In [1]:
import numpy as np
import pandas as pd
import re
import random
import time
import requests
import base64
import itertools
import spotipy
from spotipy.oauth2 import SpotifyOAuth

api_keys = pd.read_csv('apikeys.csv',header=None)
api_keys = api_keys.iloc[0].to_numpy()

data=pd.read_csv('tracks_features.csv')
data=data.drop(['album', 'album_id', 'track_number', 'disc_number', 'year'],axis=1)
data = data.dropna()

# Data Collection

## Functions

In [24]:
#Spotify api
def refresh_key(CLIENT_ID, CLIENT_SECRET):
    # Base64 encode the client ID and client secret
    client_credentials = f"{CLIENT_ID}:{CLIENT_SECRET}"
    client_credentials_base64 = base64.b64encode(client_credentials.encode())

    # Request the access token
    token_url = 'https://accounts.spotify.com/api/token'
    headers = {
        'Authorization': f'Basic {client_credentials_base64.decode()}'
    }
    data = {
        'grant_type': 'client_credentials'
    }

    response = requests.post(token_url, data=data, headers=headers)

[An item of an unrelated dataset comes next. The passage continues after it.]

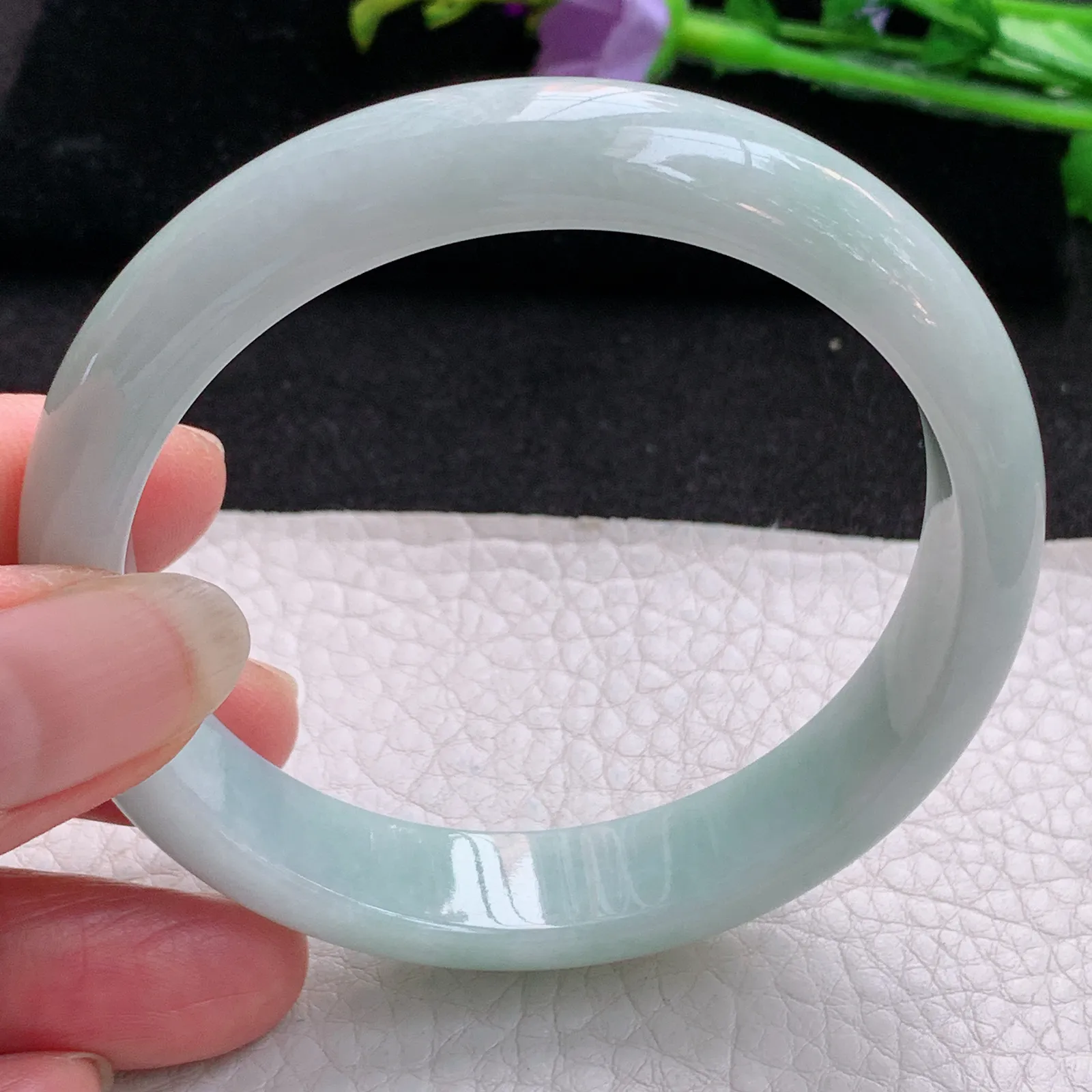 nr实拍58*12.8*7.3平安镯 天然缅甸翡翠浅绿玉手镯宽边玉手环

    if response.status_code == 200:
        access_token = response.json()['access_token']
        print("Access token obtained successfully.")
    else:
        print("Error obtaining access token.")
        exit()

    #spotify access
    sp = spotipy.Spotify(auth=access_token)
    return(sp)

sp = refresh_key(api_keys[0],api_keys[1])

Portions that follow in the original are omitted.